Depremin ardından Milli Savunma Bakanlığı’nın yanı sıra Genelkurmay, Kara, Deniz ve Hava Kuvvetleri’nin harekât merkezleri süratle yapılması gerekenleri yaparak saat 04.30’da birliklerden rapor istedi. Aynı saatte Türk Silahlı Kuvvetleri İnsani Yardım Tugay Komutanlığı’na ‘Hazır ol’ emri verildi.
Saat 04.50’de 2. Ordu Komutanımız Metin Gürak görevinin başındaydı ve birliklerden durum raporu almaya başladı.
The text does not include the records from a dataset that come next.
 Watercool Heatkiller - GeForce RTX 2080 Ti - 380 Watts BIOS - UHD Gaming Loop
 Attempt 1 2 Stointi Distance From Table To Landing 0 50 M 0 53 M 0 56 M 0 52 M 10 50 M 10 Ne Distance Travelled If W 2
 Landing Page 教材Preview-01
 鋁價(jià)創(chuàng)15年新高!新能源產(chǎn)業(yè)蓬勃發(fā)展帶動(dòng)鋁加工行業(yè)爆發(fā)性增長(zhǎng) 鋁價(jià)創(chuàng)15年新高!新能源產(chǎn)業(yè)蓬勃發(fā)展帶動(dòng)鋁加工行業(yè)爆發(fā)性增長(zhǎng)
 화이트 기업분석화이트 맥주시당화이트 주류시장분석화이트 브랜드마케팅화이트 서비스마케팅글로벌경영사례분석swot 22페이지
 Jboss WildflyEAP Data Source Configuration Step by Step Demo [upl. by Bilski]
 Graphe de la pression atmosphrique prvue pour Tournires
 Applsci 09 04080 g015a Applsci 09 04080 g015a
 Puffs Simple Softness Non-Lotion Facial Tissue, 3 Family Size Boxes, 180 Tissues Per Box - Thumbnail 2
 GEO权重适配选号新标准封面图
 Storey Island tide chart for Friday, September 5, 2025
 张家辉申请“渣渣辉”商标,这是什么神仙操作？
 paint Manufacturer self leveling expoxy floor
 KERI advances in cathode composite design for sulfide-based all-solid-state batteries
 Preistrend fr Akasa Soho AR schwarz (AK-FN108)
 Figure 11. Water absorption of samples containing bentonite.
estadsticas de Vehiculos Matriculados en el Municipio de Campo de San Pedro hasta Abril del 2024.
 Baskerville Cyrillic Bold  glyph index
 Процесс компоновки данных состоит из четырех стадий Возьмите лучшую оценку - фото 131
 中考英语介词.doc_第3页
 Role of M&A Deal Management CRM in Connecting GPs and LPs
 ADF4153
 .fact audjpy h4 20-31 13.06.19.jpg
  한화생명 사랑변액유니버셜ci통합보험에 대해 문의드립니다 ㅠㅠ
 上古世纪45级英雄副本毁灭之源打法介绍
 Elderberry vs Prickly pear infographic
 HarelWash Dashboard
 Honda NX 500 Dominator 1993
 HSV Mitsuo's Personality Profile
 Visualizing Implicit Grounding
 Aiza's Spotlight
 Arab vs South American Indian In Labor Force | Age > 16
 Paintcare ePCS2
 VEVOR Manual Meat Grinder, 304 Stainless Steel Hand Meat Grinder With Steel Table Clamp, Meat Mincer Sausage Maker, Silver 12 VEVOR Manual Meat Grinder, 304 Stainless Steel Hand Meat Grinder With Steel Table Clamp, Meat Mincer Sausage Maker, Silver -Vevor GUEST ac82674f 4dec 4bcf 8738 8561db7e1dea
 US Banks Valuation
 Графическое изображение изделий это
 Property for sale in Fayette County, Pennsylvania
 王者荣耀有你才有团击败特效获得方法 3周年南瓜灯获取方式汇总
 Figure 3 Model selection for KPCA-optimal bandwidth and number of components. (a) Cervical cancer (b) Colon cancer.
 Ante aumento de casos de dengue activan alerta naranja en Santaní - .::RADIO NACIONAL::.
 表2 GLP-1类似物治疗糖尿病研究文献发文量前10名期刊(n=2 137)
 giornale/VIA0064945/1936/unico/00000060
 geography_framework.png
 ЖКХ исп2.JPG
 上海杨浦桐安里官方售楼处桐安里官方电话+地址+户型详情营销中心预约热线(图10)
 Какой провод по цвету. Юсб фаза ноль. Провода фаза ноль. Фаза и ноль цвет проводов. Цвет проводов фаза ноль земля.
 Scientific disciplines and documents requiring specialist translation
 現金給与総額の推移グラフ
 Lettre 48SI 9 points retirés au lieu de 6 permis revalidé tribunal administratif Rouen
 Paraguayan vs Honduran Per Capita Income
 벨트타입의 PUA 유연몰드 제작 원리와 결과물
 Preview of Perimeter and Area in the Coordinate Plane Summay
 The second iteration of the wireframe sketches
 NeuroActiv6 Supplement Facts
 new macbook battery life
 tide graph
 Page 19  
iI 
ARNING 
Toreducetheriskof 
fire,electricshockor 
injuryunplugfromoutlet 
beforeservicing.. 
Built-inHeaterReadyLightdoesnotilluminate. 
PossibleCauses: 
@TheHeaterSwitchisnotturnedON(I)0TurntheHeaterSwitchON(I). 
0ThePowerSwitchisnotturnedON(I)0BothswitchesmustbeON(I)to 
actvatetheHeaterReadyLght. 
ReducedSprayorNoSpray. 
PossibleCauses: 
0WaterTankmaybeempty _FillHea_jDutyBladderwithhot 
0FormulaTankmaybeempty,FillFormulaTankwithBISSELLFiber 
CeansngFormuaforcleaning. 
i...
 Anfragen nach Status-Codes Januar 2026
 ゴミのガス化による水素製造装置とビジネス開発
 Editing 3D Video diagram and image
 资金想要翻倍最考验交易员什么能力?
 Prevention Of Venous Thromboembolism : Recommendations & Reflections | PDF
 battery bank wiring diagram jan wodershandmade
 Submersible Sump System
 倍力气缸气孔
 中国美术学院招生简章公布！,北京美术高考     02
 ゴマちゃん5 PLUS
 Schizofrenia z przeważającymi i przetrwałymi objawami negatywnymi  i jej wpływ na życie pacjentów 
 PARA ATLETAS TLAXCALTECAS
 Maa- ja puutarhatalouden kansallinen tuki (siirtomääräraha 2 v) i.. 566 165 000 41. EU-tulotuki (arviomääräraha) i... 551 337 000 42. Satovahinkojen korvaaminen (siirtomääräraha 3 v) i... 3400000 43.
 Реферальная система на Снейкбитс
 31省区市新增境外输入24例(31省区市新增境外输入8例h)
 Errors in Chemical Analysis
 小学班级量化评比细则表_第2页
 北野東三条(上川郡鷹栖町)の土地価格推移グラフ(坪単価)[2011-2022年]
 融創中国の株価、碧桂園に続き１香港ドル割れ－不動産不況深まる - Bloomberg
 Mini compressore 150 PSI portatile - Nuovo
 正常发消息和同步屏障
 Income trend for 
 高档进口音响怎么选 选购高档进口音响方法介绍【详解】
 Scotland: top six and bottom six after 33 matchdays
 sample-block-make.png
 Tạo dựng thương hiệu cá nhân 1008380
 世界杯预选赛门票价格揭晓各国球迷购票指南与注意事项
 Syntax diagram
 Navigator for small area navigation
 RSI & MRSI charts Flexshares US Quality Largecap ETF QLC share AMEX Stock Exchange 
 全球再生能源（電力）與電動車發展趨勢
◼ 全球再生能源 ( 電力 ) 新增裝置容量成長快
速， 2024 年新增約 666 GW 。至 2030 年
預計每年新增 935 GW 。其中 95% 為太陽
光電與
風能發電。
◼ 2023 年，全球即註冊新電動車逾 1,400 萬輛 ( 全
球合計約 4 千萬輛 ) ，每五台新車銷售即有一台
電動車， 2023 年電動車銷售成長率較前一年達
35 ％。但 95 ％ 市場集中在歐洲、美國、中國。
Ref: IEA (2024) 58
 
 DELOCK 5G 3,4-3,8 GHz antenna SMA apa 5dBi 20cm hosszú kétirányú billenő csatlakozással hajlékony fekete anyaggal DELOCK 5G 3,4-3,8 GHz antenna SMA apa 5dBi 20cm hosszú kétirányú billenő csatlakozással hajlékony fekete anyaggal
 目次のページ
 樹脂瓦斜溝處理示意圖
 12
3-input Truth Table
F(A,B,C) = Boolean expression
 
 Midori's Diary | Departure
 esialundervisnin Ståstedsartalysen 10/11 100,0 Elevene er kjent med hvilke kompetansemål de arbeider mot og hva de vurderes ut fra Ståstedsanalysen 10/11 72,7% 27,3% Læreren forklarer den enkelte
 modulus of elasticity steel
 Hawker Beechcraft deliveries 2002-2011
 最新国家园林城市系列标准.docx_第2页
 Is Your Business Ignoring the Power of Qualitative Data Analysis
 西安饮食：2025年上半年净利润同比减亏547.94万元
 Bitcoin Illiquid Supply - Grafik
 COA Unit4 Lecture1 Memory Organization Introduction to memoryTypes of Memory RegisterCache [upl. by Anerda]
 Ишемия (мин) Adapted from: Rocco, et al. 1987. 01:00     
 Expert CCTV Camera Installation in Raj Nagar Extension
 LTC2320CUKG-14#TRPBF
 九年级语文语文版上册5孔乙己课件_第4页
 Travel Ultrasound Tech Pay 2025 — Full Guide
Saat 05.00’te Bakanlığımız bünyesinde Afet Acil Durum Kriz Merkezi teşkil edildi.
Saat 05.00 itibarıyla Genelkurmay Başkanımızdan ve Kuvvet Komutanlarımızdan bilgileri aldık.
Saat 05.10’da Sn. Cumhurbaşkanımızı arayarak Türk Silahlı Kuvvetleri ile ilgili ilk raporları sunduk. Genelkurmay Başkanı ve Kara Kuvvetleri Komutanı ile Hatay’a hareket edeceğimizi kendilerine arz ettik. Uygun buldular ve bu çerçevede çalışmalarımızı sürdürdük.
Saat 05.45, 2’nci Ordu Karargâhı’nın kapısından askerler koşa koşa çıkıyorlar, enkaza müdahale ediyorlar. Aynı saatlerde Kahramanmaraş ve İskenderun’da da arama kurtarma faaliyetleri başlıyor.
Saat 07.00’de iki askeri ambulans uçağı da Etimesgut’taki askeri havaalanında hazırdı.
Saat 07.30’da ise Doğu Akdeniz’deki iki fırkateynle iki helikoptere İskenderun Körfezi’ne intikal emri verildi.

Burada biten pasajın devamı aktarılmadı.